Karnataka has stepped up water release over the past three days and this is likely to continue until the forenoon of Monday, obviously to ensure that the State complies with the directions of both the Supreme Court and the CRA.
The apex court has categorically told Karnataka that it should comply with the directions of the CRA and over the past 28 days the State has released nearly 22 tmcft of water.
Amid the water-sharing dispute between the two States, the Cauvery Monitoring Committee will meet in New Delhi on October 11 to decide on the issue of release of water from Karnataka to Tamil Nadu post the compliance of the orders scheduled until October 15.
Meanwhile, Karnataka is hoping that the water outflow at Biligundlu (measuring station along the Karnataka-Tamil Nadu border) will be drastically reduced from 9,000 cusecs until the meeting of the CMC, should the Supreme court favourably consider the plea.
Sources in the State Secretariat told The Hindu that the water release from Krishnaraja Sagar and the Kabini dam had been stepped up over the past three days, primarily to convey that the State had complied with the orders, by virtue of which its plea should also be heard and favourably disposed of.

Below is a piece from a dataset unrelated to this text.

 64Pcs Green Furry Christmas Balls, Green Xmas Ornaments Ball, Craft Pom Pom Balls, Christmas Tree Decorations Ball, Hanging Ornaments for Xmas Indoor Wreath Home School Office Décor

The former Chief Minister S.M. Krishna and the then Minister for Water Resources H.K. Patil, among others, had drawn the ire of the apex court in 2002, resulting in them having to face two contempt petitions filed by the Government of Tamil Nadu. It was only six years later that the cases were dropped after Mr. Krishna tendered an “unconditional apology”.
It is said that even in the present instance, both the CRA and the Supreme Court have been tough, as the Karnataka government initially declared that not a drop of water would be released to the lower riparian State.
Tamil Nadu had demanded release of 2 tmcft of water a day (around 22,000 cusecs), while the Supreme Court had asked Karnataka to release 10,000 cusecs. The CRA, after hearing the views of both the States, ruled the release of 9,000 cusecs.
Officials of the Union government who have been on a field visit to the Cauvery basin districts in both Karnataka and Tamil Nadu over the past three days have returned to New Delhi.
The monitoring committee will decide on the quantity of water to be released by Karnataka after October 15.
The CMC also comprises officials of Tamil Nadu, Karnataka, Kerala and Puducherry.